Starting in the ‘80s, DC came up with a tagline for the Flash: “My name is Barry Allen, and I am the fastest man alive.” Not the most creative sentence in the comic book canon, but it gets the point across. More importantly, it contains something crucial about the Flash’s character. Barry sees himself not primarily as the Flash, or a superhero, or as a mythic hero burdened with glorious purpose, but as, above all, Barry Allen. He may have more powers than Batman and weirder, more sci-fi adventures than Superman, but the Flash’s true strength has always been his deep connection to his own humanity. He keeps the human in superhuman.
The CW’s series of The Flash series has been garnering rave reviews, and the series star Grant Gustin has been praised for his warm performance. When the New York Daily News asked Batman v Superman director Zack Snyder about why he didn’t cast Gustin as The Flash in his own movies, he said that he was “very strict with this universe, and I just don’t see a version where…that (tone is) not our world.” He’s probably referring to the fact that the CW show has a lighthearted touch while Snyder prefers his superhero movies to be almost suffocatingly grim. The public and critical reception to Batman v Superman might have DC rethinking that strategy, and it should, particularly where The Flash is concerned. The world definitely has a need for dark anti-heroes like Batman, but these days, it may have an even greater need for anti-anti-heroes.

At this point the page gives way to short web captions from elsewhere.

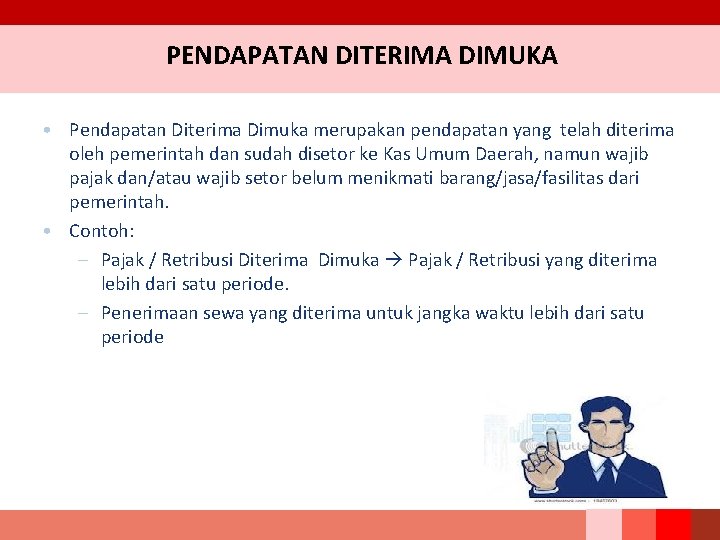 PENDAPATAN DITERIMA DIMUKA • Pendapatan Diterima Dimuka merupakan pendapatan yang telah diterima oleh pemerintah PENDAPATAN DITERIMA DIMUKA • Pendapatan Diterima Dimuka merupakan pendapatan yang telah diterima oleh pemerintah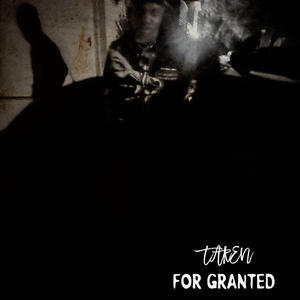 Taken For Granted (Explicit)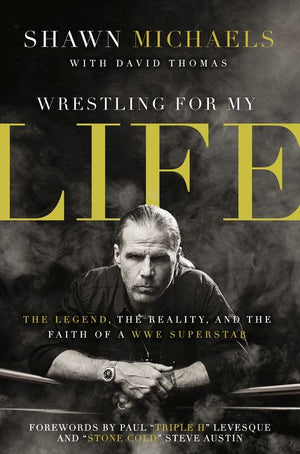 Wrestling for My Life: The Legend, the Reality, and the Faith of a WWE Superstar *Very Good*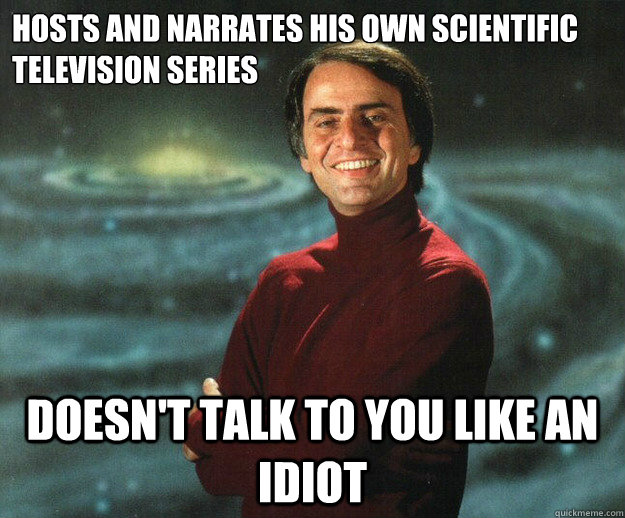 Hosts and narrates his own scientific television series Doesn't talk to you like an idiot  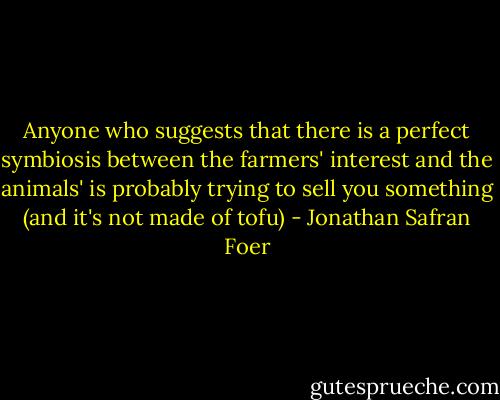 Anyone who suggests that there is a perfect symbiosis between the farmers' interest and the animals' is probably trying to sell you something (and it's not made of tofu) - Jonathan Safran Foer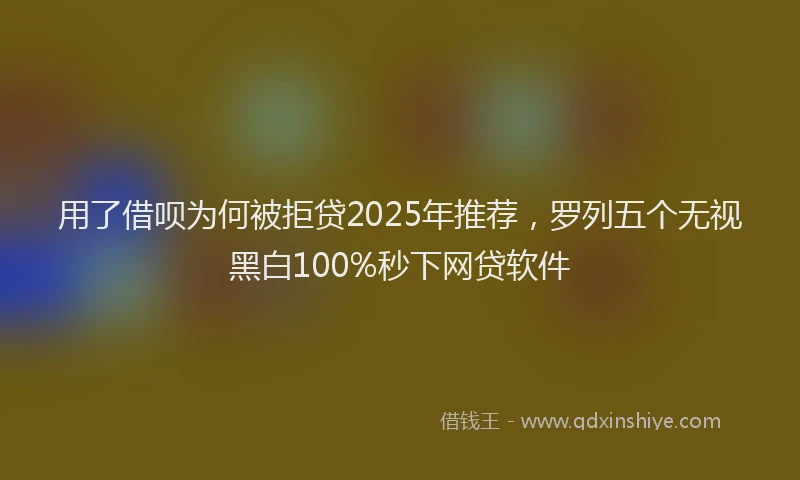 用了借呗为何被拒贷2025年推荐，罗列五个无视黑白100%秒下网贷软件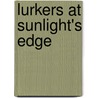Lurkers At Sunlight's Edge by Marty Ross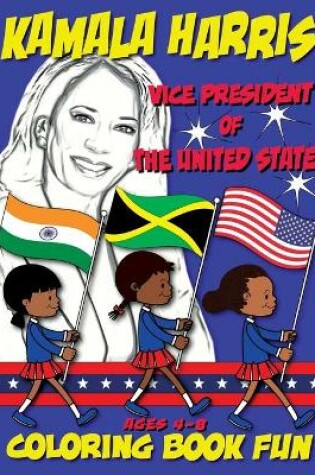 Cover of Kamala Harris Coloring Book Fun - Ages 4-8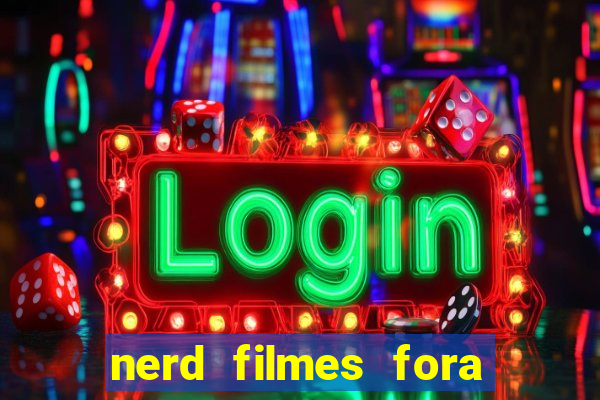 nerd filmes fora do ar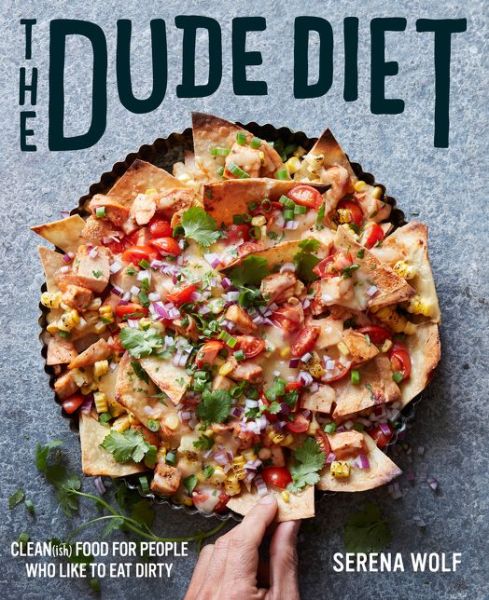 Cover for Serena Wolf · The Dude Diet: Clean (ish) Food for People Who Like to Eat Dirty - Dude Diet (Hardcover Book) (2016)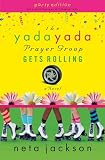 The Yada Yada Prayer Group Gets Rolling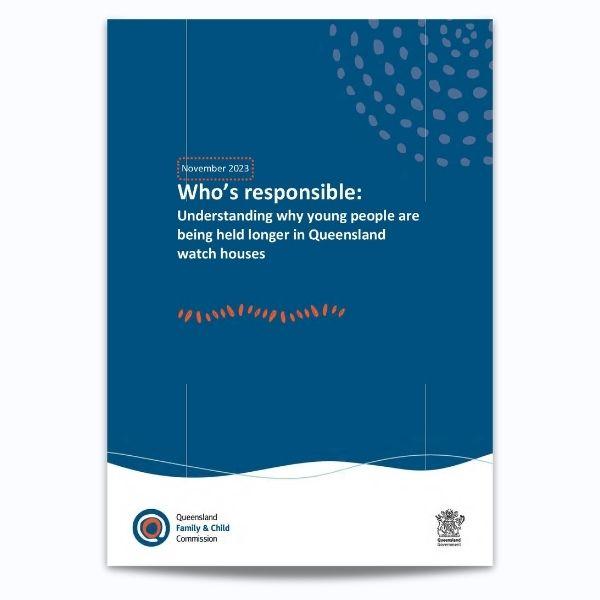 Cover for Who’s responsible: Understanding why young people are being held longer in Queensland watch houses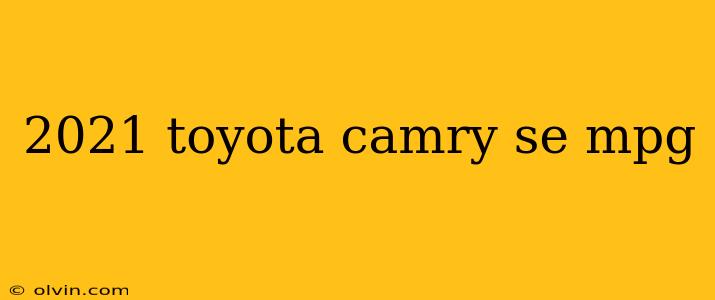 2021 toyota camry se mpg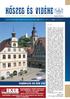 VAIHINGEN AN DER ENZ. 25 dolgozni év akarnak. az ÚJ évfolyam 1988 decemberétől MeGJeLeNIK HaVONta XXVII.éVfOLyaM, 4. szám 2014. április 15.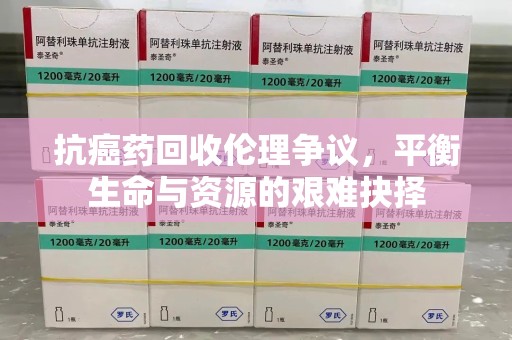 镇江抗癌药回收伦理争议，平衡生命与资源的艰难抉择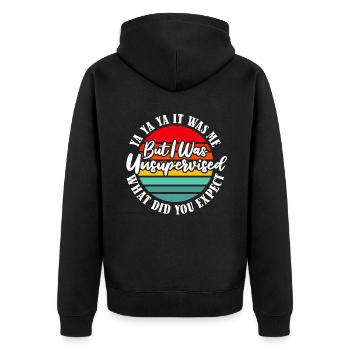 Schwarzer Humor I Was Left Unsupervised - Unisex Premium Bio Zip Hoodie - Schwarz - Hinten - Nico (187cm)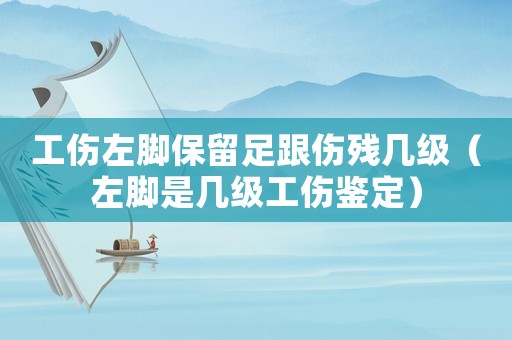 工傷左腳保留足跟傷殘幾級(jí)（左腳是幾級(jí)工傷鑒定）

It’s hard to say who won the space race. The Soviet Union was the first country to launch an orbital satellite, and the first to put a human in space. But the US beat the Soviets to the moon and in 1972, the two countries ultimately agreed to work together. A group of American astronauts docked with a team of Russian cosmonauts. The cooperation was symbolic of a larger cooling of Cold War tension, prompting one Soviet leader to say “The Soviet and American spacemen will go up into outer space for the first major joint scientific experiment in the history of mankind. They know that from outer space our planet looks even more beautiful. It is big enough for us to live peacefully on it, but it is too small to be threatened by nuclear war.”
Without science, the Soviet-American partnership would have been impossible. But without recognizing their common humanity, it would have been unthinkable. The Flash’s creators realized how valuable science would be to their hero’s creation, but their true stroke of genius was in making him, first and foremost, a hero. Barry Allen may be the fastest man alive but the thing that has made his stories riveting for over fifty years now is simply this: he’s a man.